WHAT IS REQUIRED: Repeat exactly, and only, the lines from the one holding "Amplituner denon" through the last line of the records below.

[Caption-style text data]

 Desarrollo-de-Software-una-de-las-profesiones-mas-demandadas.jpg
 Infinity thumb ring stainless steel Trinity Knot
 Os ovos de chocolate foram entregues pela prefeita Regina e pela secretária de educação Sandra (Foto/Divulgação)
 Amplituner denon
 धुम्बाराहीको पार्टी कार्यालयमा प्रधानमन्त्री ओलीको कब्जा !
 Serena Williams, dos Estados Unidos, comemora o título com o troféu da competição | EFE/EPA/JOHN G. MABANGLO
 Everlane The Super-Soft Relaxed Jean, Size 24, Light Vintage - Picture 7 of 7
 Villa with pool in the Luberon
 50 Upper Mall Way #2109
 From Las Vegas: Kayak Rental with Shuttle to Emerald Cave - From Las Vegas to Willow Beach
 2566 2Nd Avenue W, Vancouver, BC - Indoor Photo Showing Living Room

THE ANSWER:
 Amplituner denon
 धुम्बाराहीको पार्टी कार्यालयमा प्रधानमन्त्री ओलीको कब्जा !
 Serena Williams, dos Estados Unidos, comemora o título com o troféu da competição | EFE/EPA/JOHN G. MABANGLO
 Everlane The Super-Soft Relaxed Jean, Size 24, Light Vintage - Picture 7 of 7
 Villa with pool in the Luberon
 50 Upper Mall Way #2109
 From Las Vegas: Kayak Rental with Shuttle to Emerald Cave - From Las Vegas to Willow Beach
 2566 2Nd Avenue W, Vancouver, BC - Indoor Photo Showing Living Room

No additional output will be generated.